One who enters the possessor’s premises with permission and for the benefit of the possessor (becoming an invitee) makes the possessor responsible for conditions that pose an unreasonable risk of harm if the possessor actually knew or should have known about the condition. In such invitee situations, whether the invitee knew only matters in dividing responsibility between the invitee and the possessor. The possessor has a duty to exercise ordinary care and must inspect and make safe or give adequate warnings about any dangerous conditions. By contrast, the invitee has a duty to exercise the same or similar ordinary care as would an ordinary reasonable person in the same or similar circumstances to avoid injury. (The classic debate in many business invitee cases is whether an ordinary reasonable person in the same situation would be looking for foreign objects on the floor or at the attractive displays the premises owner spent so much time creating to grab the attention of business invitees!)

Duties to Licensee

One who enters the possessor’s premises with the possessor’s permission but for his or her own purpose (becoming a licensee) makes the possessor responsible for conditions on the premises that pose an unreasonable risk of harm but only if the possessor actually knew of the danger and the licensee did not know about the unreasonably dangerous condition. In other words, if the licensee knew about the dangerous condition, the licensee cannot recover from the possessor for any injuries caused by the dangerous condition. The possessor has no duty to the licensee to inspect the premises but must exercise due care to make safe or adequately warn about any dangerous conditions known to the possessor. If the possessor has no actual knowledge of the dangerous condition, the possessor is neither responsible for warning about it or correcting it.

Duties to Trespasser

When someone enters premises for their own purpose without legal authority or the possessor’s permission, that person becomes a trespasser. A possessor who has actual knowledge of a condition that poses an unreasonably dangerous risk of harm has no duty to exercise ordinary care but does have a duty to refrain from injuring willfully, wantonly, or through gross negligence. However, such possessors have no duty to trespassers to anticipate trespassers, to inspect the premises, or to keep the premises safe for trespassers.

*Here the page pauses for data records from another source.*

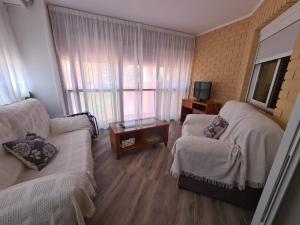 Telewizja i/lub zestaw kina domowego w obiekcie Apartamento Maysan IF Benidorm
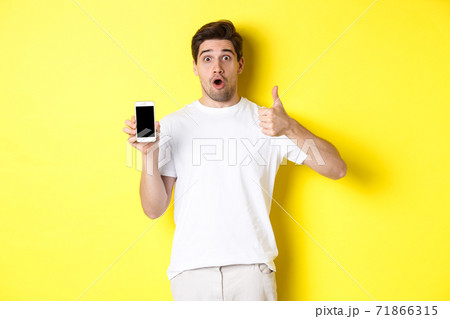 Impressed guy showing awesome smartphone app on screen and thumb-up, gasping amazed, standing against yellow background 71866315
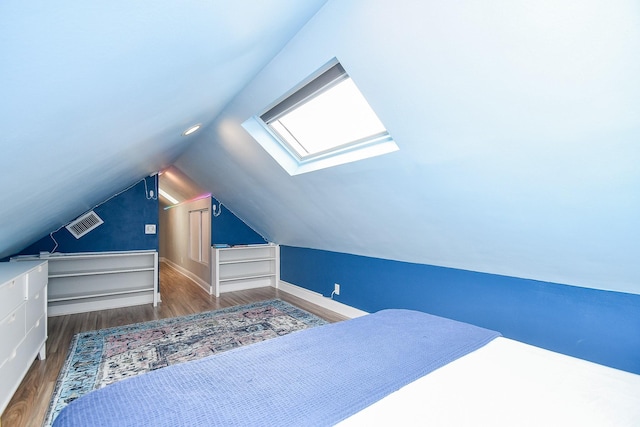 5902 Hummingbird St, Houston, TX 77096 - unfurnished bedroom featuring a skylight, wood finished floors, vaulted ceiling, and baseboards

Changing Status of Premise Visitor

Situations can exist that change the status of someone entering or already upon a possessor’s property. If repeated trespasses are tolerated, an injured trespasser will be considered to have become an invitee, with the same legal rights of an invitee. When someone is forced to enter premises as a trespasser because of an emergency situation, the entry may be considered necessary and the injured visitor’s status changed to that of a licensee. Volunteer rescuers will usually be considered licensees but if the volunteer enters the premises in response to a cry for help, he or she may become an invitee. Someone who enters the premises as an invitee but departs from the area to which he or she was invited to visit other areas to which there was no invitation, the person will become a licensee or, in some cases, a trespasser. When someone enters premises for recreational purposes (as defined in the Texas Recreational Use Statute), the possessor only owes the duty owed to a licensee to not injure the licensee from gross negligence, malicious intent, or bad faith. In Texas, someone who is abducted and taken to someone’s commercial property is owed no duty by the premises occupier because the kidnapped person is an unforeseen victim. When a possessor owns an easement adjacent to his premises, the possessor owes persons on the easement the duty of ordinary care even though people on the easement may be trespasses as to the possessor.

Attractive Nuisance

In special situations, a possessor can be held responsible for the injury or death of children who are trespassers on the possessor’s premises under a special rule of law known as “attractive nuisance.” If all the parts required to apply attractive nuisance are present, the possessor will owe a trespassing child the same duty owed an invitee.
Attractive nuisance exists when:
  • A child enters possessor’s premises without the possessor’s knowledge and for the child’s own benefit (becoming a trespasser)
  • The possessor knew or should have known there was an artificial condition on the premises
  • The possessor knew or should have known that children were likely to trespass in the area around the special condition
  • The possessor knew or should have known the artificial condition posed an unreasonable risk of death or serious bodily harm to children
  • The child, because of youth, did not discover the artificial condition, realize the risk involved in meddling with it, or realize the risk involved in coming along within the area of made dangerous by the condition
  • The utility to the possessor of maintaining the artificial condition and the burden of eliminating the danger were slight as compared with the risk to children
  • The possessor did not exercise reasonable care to eliminate the danger or otherwise protect the child
  • The possessor’s conduct caused the child’s injury
Attractive nuisance is recognized as a basis for liability for injuries to trespassing children in most states. This is the typical situation of the children who climb the four foot fence to swim in the neighbor’s swimming pool every time the neighbor’s appear to be out of town. In Texas, we have a complicated statute to wade through to see if the law applied in a particular case.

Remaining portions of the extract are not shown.